> [DATASET CONTENT]
Content starts

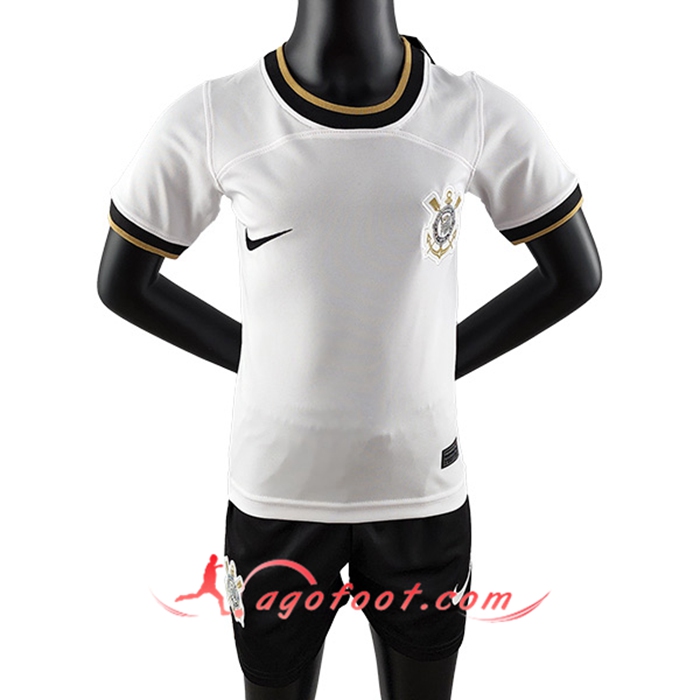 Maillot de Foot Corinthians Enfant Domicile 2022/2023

Content ends
Content starts

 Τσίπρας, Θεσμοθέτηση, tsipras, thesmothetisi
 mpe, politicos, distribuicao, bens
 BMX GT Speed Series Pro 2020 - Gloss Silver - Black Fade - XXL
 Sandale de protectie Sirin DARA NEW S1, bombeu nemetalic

Content ends

> [WHAT THE TASK ASKS] From the material above, set down exactly the lines between the line holding "mpe, politicos, distribuicao, bens" and the line holding "Sandale de protectie", inclusive. Include nothing else.

> [ANSWER]
 mpe, politicos, distribuicao, bens
 BMX GT Speed Series Pro 2020 - Gloss Silver - Black Fade - XXL
 Sandale de protectie Sirin DARA NEW S1, bombeu nemetalic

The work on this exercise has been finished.